:: WHAT YOU WILL DO ::
An exact transcript is required of the lines below, from the one containing "多摩川周遊史跡巡りランの写真7" through the very last; leave every picture out of it.

(Stored data)

######

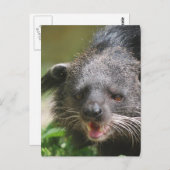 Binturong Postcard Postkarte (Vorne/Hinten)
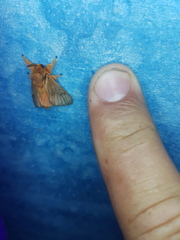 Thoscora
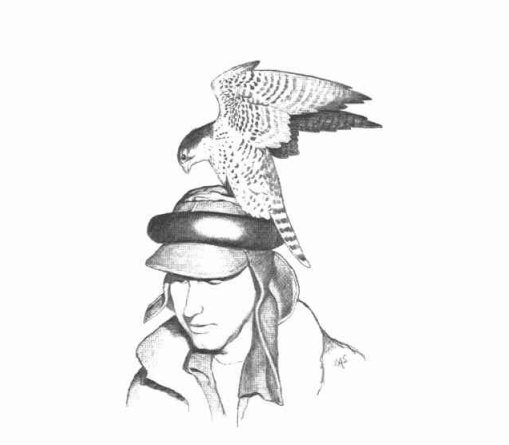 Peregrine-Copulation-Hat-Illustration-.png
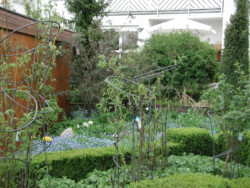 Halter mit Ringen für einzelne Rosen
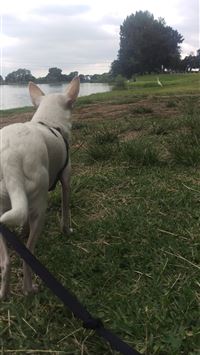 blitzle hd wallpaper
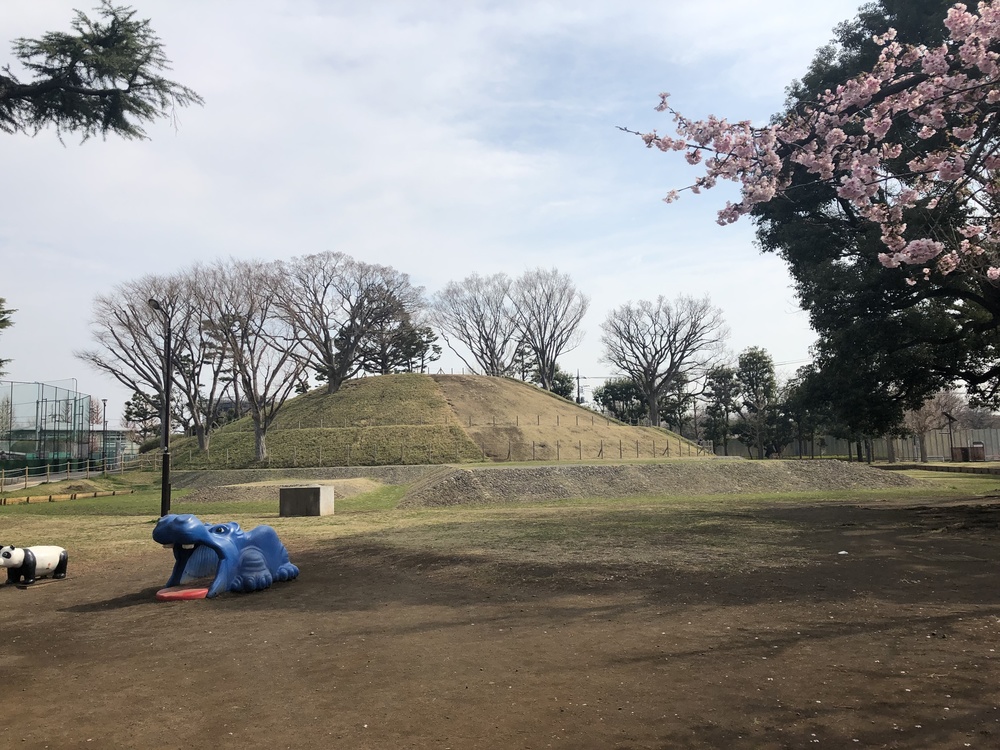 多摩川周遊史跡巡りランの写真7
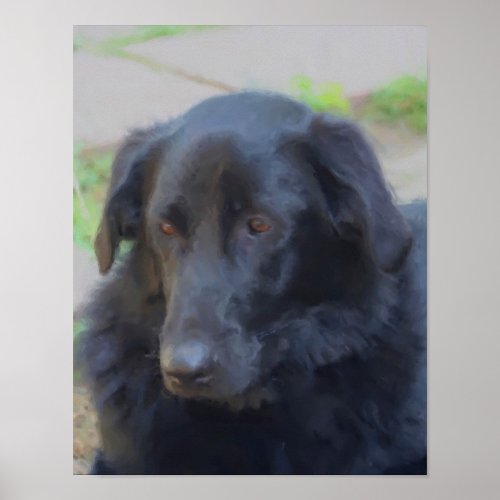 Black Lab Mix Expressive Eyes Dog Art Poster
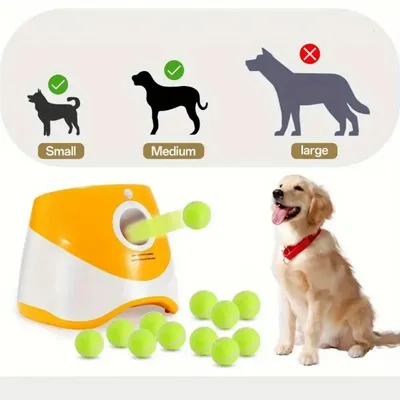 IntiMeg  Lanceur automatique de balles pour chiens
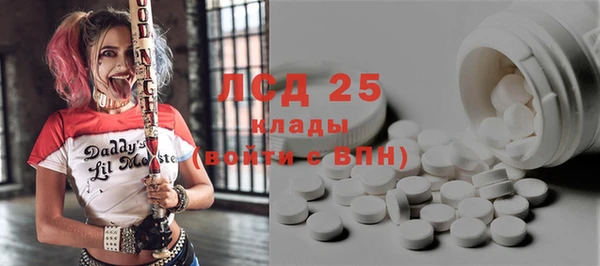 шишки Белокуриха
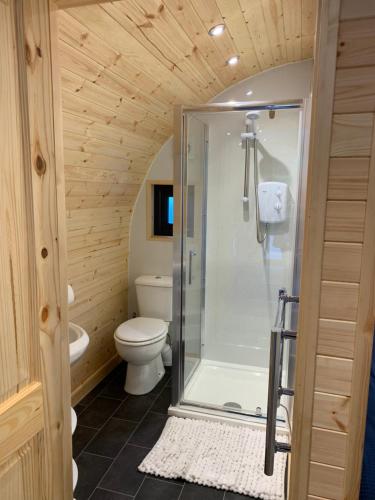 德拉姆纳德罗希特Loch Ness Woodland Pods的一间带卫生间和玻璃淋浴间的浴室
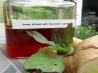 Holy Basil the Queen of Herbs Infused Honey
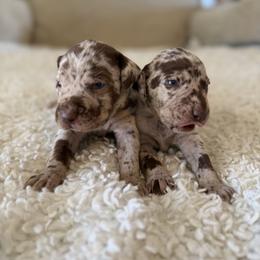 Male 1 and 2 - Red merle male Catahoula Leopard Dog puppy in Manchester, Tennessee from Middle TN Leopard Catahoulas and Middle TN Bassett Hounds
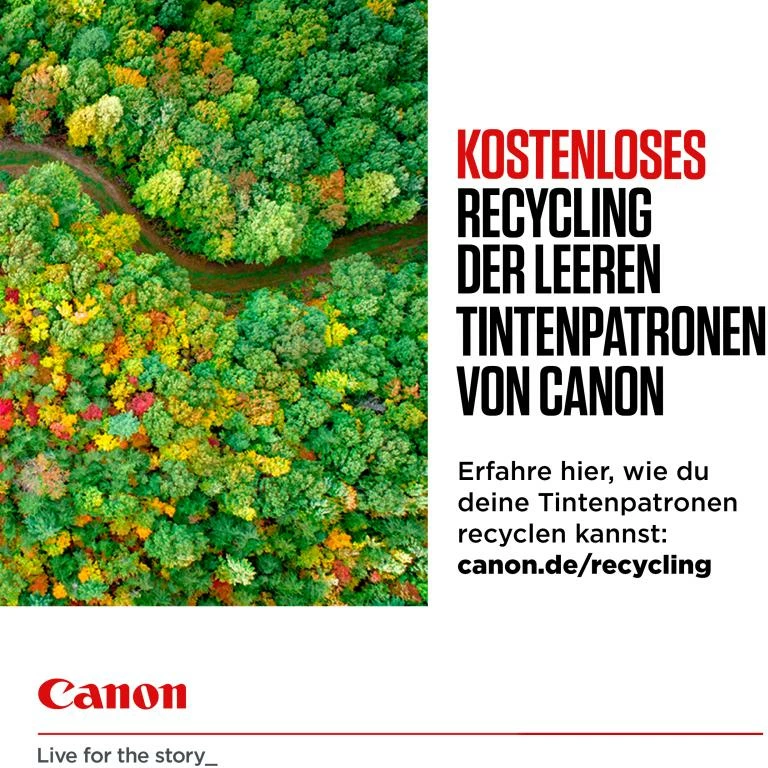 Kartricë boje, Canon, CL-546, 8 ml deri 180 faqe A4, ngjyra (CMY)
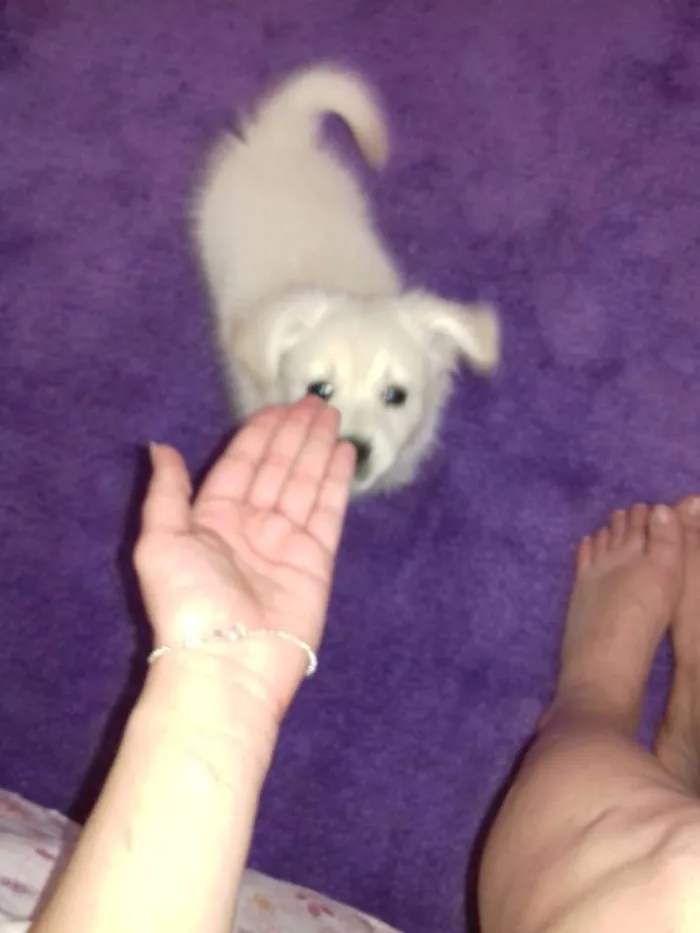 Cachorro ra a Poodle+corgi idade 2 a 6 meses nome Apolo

######

:: ANSWER FOR THE TASK ::
 多摩川周遊史跡巡りランの写真7
 Black Lab Mix Expressive Eyes Dog Art Poster
 IntiMeg  Lanceur automatique de balles pour chiens
 шишки Белокуриха
 德拉姆纳德罗希特Loch Ness Woodland Pods的一间带卫生间和玻璃淋浴间的浴室
 Holy Basil the Queen of Herbs Infused Honey
 Male 1 and 2 - Red merle male Catahoula Leopard Dog puppy in Manchester, Tennessee from Middle TN Leopard Catahoulas and Middle TN Bassett Hounds
 Kartricë boje, Canon, CL-546, 8 ml deri 180 faqe A4, ngjyra (CMY)
 Cachorro ra a Poodle+corgi idade 2 a 6 meses nome Apolo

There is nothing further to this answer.